Al abrir los ojos volvía a estar sobre esas rocas, frente al barquero. “Ahora si te puedo llevar con ella” le dijo con calma y sin heridas en la cara. Se levantó siguiendo al anciano hacia su barca. Se subió sin decir nada y esperó a que el misterioso hombre pusiese rumbo hacia su destino. Después de casi una hora navegando en silencio, el anciano dejó de remar. No habían llegado a su destino, no había nada alrededor, solo mar, un inmenso mar en el que parecían haberse perdido, en el que parecía que nunca podría vislumbrarse tierra firme. Preguntó enfadado dónde estaban, dónde estaba su mujer “Estamos donde comienza todo, donde todos os perdéis, el lugar al que yo un día os devuelvo. Ella decidió venir aquí por su propia voluntad después de que ahogases a su bebé antes de que siquiera pudiese perderse. Pero tranquilo, ella está ahora a salvo buscando su camino de nuevo. Si quieres encontrarla has de tirarte, pero he de decirte que nunca la encontrarás ahí abajo”.
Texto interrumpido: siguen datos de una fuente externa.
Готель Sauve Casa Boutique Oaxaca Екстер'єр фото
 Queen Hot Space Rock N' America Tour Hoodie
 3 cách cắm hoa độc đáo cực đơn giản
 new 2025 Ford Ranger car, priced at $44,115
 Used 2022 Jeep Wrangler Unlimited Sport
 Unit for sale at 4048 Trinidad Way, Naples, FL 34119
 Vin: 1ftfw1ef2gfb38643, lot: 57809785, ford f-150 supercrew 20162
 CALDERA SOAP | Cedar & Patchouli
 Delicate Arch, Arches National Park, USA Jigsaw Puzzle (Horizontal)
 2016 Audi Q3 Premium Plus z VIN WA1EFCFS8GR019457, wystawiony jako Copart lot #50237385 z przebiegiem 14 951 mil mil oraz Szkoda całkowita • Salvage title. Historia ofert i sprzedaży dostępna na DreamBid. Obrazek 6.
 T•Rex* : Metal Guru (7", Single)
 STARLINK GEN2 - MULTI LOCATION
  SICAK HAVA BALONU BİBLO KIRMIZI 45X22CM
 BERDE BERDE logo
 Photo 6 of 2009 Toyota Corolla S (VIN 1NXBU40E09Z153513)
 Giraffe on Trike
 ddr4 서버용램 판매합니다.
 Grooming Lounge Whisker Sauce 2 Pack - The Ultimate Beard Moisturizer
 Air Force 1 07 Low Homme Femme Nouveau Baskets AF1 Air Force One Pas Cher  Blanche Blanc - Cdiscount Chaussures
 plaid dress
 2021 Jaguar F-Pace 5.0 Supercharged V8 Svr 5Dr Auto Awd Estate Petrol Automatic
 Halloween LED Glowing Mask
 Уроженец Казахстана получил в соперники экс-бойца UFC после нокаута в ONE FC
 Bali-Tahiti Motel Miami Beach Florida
Sin dudarlo, el atormentado hombre se tiró al mar dispuesto a hacer algo bien en la vida, a salvar a alguien. Pasó varios meses buceando, buscando a la mujer que le había salvado y que ahora él no era capaz de encontrar. Pasó nueve largos meses bajo el agua hasta que no pudo más y tuvo que salir a la superficie, buscando oxígeno, buscando vivir. Ahora sabía que jamás volvería a verla, tal y como dijo el barquero. Al emerger y abrir los ojos pudo ver de nuevo cortinas verdes, paredes blancas, una máquina, una cama y un hombre frente a él que se dirigía a una mujer pronunciando las última palabras que recordó oír, las primeras palabras que jamás recordaría haber escuchado. “Enhorabuena, es un bebé sano y precioso”.